De plus, le ministre des Finances, Jim Flaherty, a déjà fait savoir que le Québec aurait 900 millions $ de plus en péréquation au cours de la prochaine année, en raison des derniers calculs de la richesse des provinces. Cela n'a rien à voir avec les changements demandés par Jean Charest à la péréquation, mais c'est tout de même 900 millions $ de plus dans ses coffres. Sur la base de cette information, le ministre des Finances, Michel Audet, a toutes les données nécessaires pour la préparation de son budget. Si Ottawa devait annoncer des sommes supplémentaires dans son budget du 20 mars, cela ne fera qu'accroître la marge de manoeuvre du gouvernement Charest.

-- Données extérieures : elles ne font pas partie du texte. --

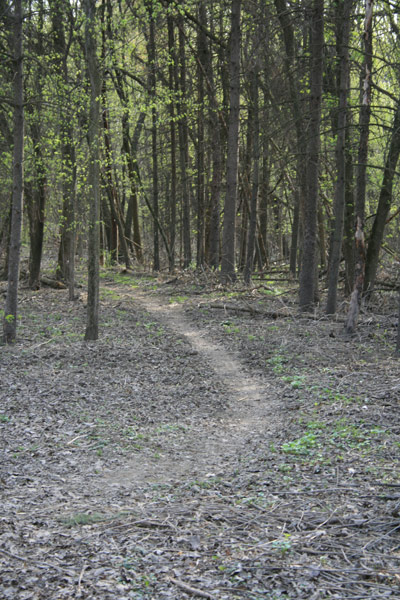 The little dirt path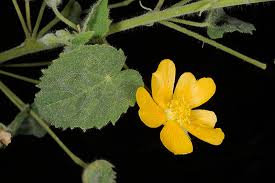 Image result for Abutilon indicum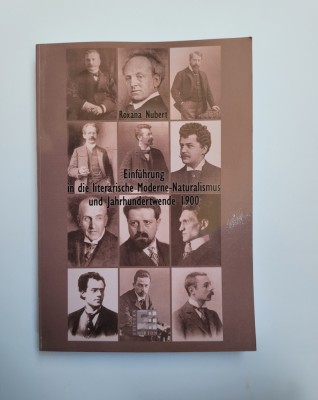Banat- Roxana Nubert, Literatura moderna pana la 1900, Timisoara, 2008 foto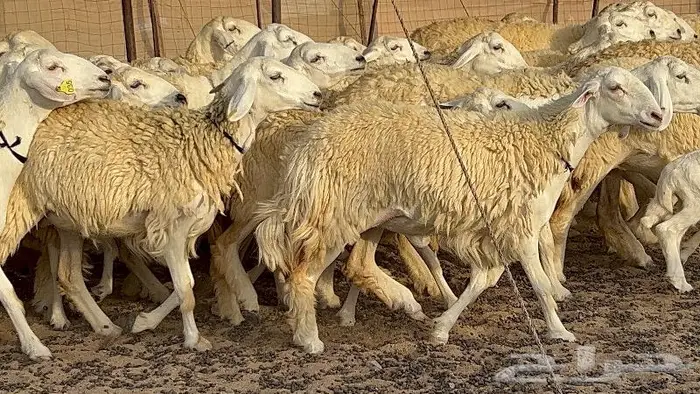 رخال حرش صنف نوادر 78 بالفحول تحتها 3 11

Plusieurs autres facteurs militent maintenant en faveur d'un déclenchement hâtif des élections. Le désarroi du PQ, la remontée de l'ADQ, et la publication, début avril, du rapport d'enquête du juge Bernard Grenier sur les dépenses d'Option Canada au référendum de 1995.
La crise de cette semaine au PQ s'est calmée, mais elle a confirmé dans leurs doutes les Québécois qui ne croient pas en la capacité d'André Boisclair de former le gouvernement et de faire la souveraineté.
C'est la remontée de l'ADQ qui inquiète maintenant les libéraux. S'il est vrai que la cote de popularité des adéquistes dépasse les 20 % à l'échelle provinciale, le parti de Mario Dumont aura des scores encore plus forts en région, parce qu'il est absent de Montréal. "En bas de 20 %, l'ADQ ne ramasse rien. Mais en haut de 20 %, il ramasse des comtés rapidement et devient menaçant, confie un député. Si j'étais Jean Charest, je demanderais sans délai des sondages poussés dans les circonscriptions où l'ADQ a des racines pour savoir à quoi m'en tenir." Les difficultés encore récentes de Mario Dumont à obtenir du financement et à recruter des candidats seront vite surmontées si sa remontée se poursuit. Les libéraux n'ont pas intérêt à lui laisser le temps de s'organiser.
L'autre élément qui milite en faveur d'une campagne hâtive est la publication, fin mars ou début avril, du rapport d'enquête du juge Bernard Grenier sur Option-Canada. Cette enquête a été commandée par le directeur général des élections, Marcel Blanchet, pour faire la lumière sur de présumées dépenses illégales du camp fédéraliste pendant la campagne référendaire de 1995. Après avoir obtenu trois délais, le juge doit remettre son rapport le 31 mars. Le DGE le rendra public dans les jours suivants, le temps d'en prendre connaissance et de préparer ses communiqués de presse.
Les libéraux ont constaté, lors du passage de Stéphane Dion à Québec, à quel point il est facile de ramener à l'avant-scène le scandale des commandites et les magouilles liées au référendum. La publication de ce rapport, en pleine campagne électorale, n'est pas souhaitée. "Si vous me dites que le rapport sera publié le 4 ou le 5 avril, juste avant la longue fin de semaine de Pâques, j'en ai des frissons", a confié un député qui craint un dérapage et une perte de momentum. Si Jean Charest déclenchait les élections à la mi-février pour un scrutin à la fin mars, il minimiserait les risques.
S'il met le pied sur l'accélérateur, Jean Charest devra rappeler l'Assemblée nationale plus tôt que prévu afin de déposer un budget. "On serait bien malvenu de nous accuser d'opportunisme, lance un membre de son bureau. Depuis l'automne dernier que les péquistes nous supplient de déclencher des élections. Ils ont eu quatre ans pour s'organiser et trouver un chef. Ce n'est tout de même pas notre faute s'ils ont mis quatre ans à se torturer."